We came to learn about Funmi through her striking collages, which have been featured in Black Collagists: The Book by Teri Henderson, and exhibited at the Tate Modern, no less. However, it’s clear that Fumni’s ability to communicate, and dig into, complex social ideas goes beyond the medium of collage. She’s also a freelance journalist, having written pieces for industry-leading publications, including Cosmopolitan UK and gal-dem. Here, she shares a little of her journey so far, including how she started out collaging. Plus, some helpful thoughts on the importance of knowing your stuff and seeking mentorship, especially from creatives who share your background. Enjoy!

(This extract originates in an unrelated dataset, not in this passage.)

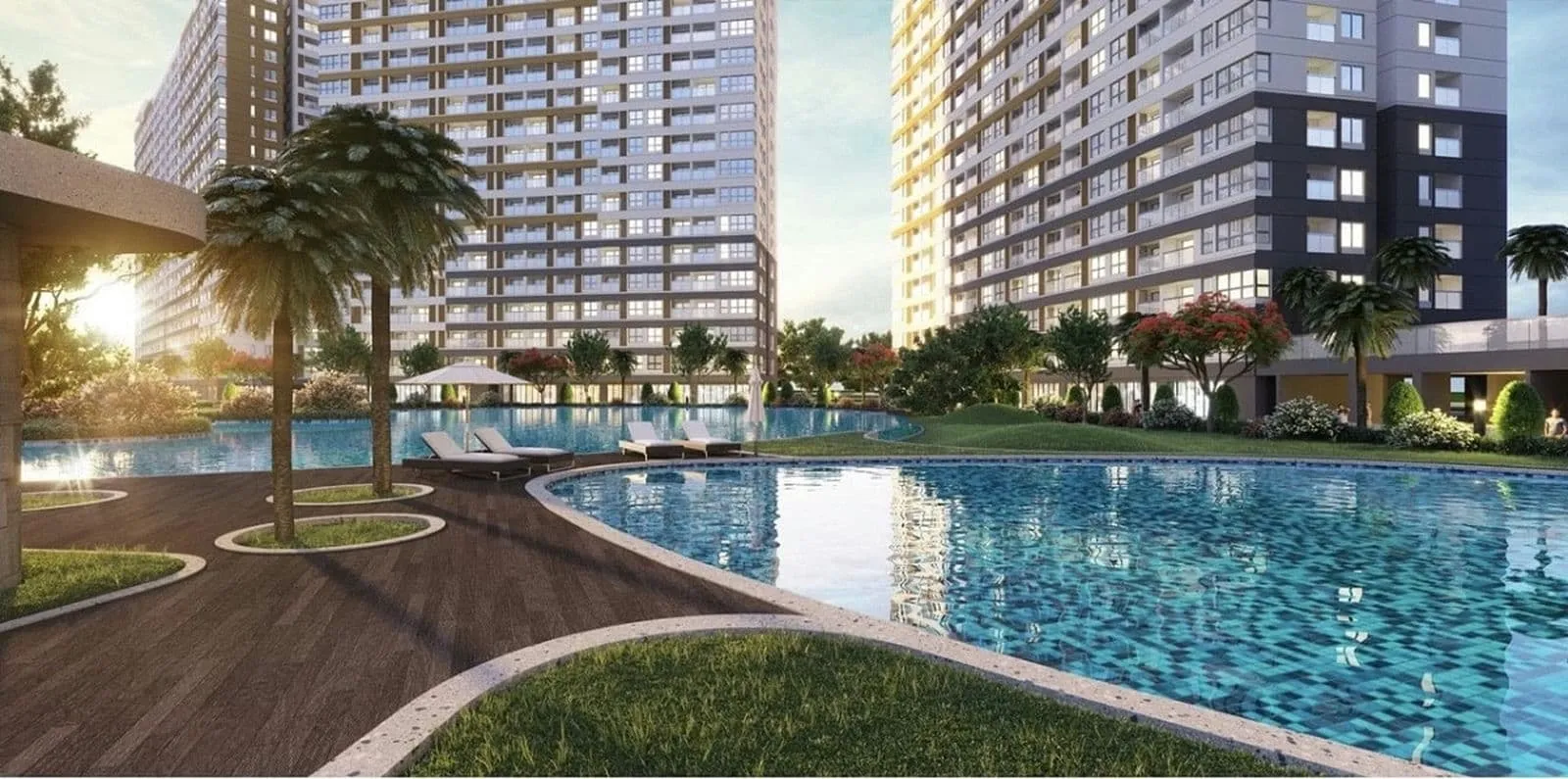 Hồ bơi view biển Hồ bơi view biển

Funmi, what’s your creative occupation?
I’m a collage artist and freelance journalist. I started writing and creating art consistently in 2018. As an all-round media professional, communication summarises most of my work.
Where have you been?
I have a multidisciplinary career, evident in how I move seamlessly between different forms of communication. I started collaging when I was in primary school, mainly making mood boards based on fashion, or interesting landscapes. Then, I started submitting my work to places like the now-closed Rookie Mag by Tavi Gevinson, to feature on their site and Instagram. They had these collage kits that I would use to create the collages I would submit. My practice grew from there to where I am now; building my online community on Instagram and getting commissioned by brands and institutions like the Tate, Tinder and more. Additionally, I worked in student media at The Tab Edinburgh for almost two years, as well as interning at The Tab HQ in London.
Where are you now?
At the minute, I’m rounding off my bachelor’s degree and awaiting results. I study English Literature and have enjoyed improving my critical thinking and literary analysis skills over the years. In the meantime, I’m doing any freelance writing and art projects I can get my hands on before moving into the PR industry later this year. I enjoy writing features, where I can give more context behind the news and spotlight key social issues. For instance, I recently wrote a feature for gal-dem where I got to dive into the historical biases behind TikTok beauty trends. I like stories that are conscious of history, and that can track solutions, to see what responses to social issues are and aren’t working – and why.
Where are you going?
I plan on expanding my creative practice in whatever ways feel most natural, and committing to working in line with my values and interests, whatever project comes my way. I don’t like setting specific goals, e.g. working for a certain company, because I like to keep my horizons open.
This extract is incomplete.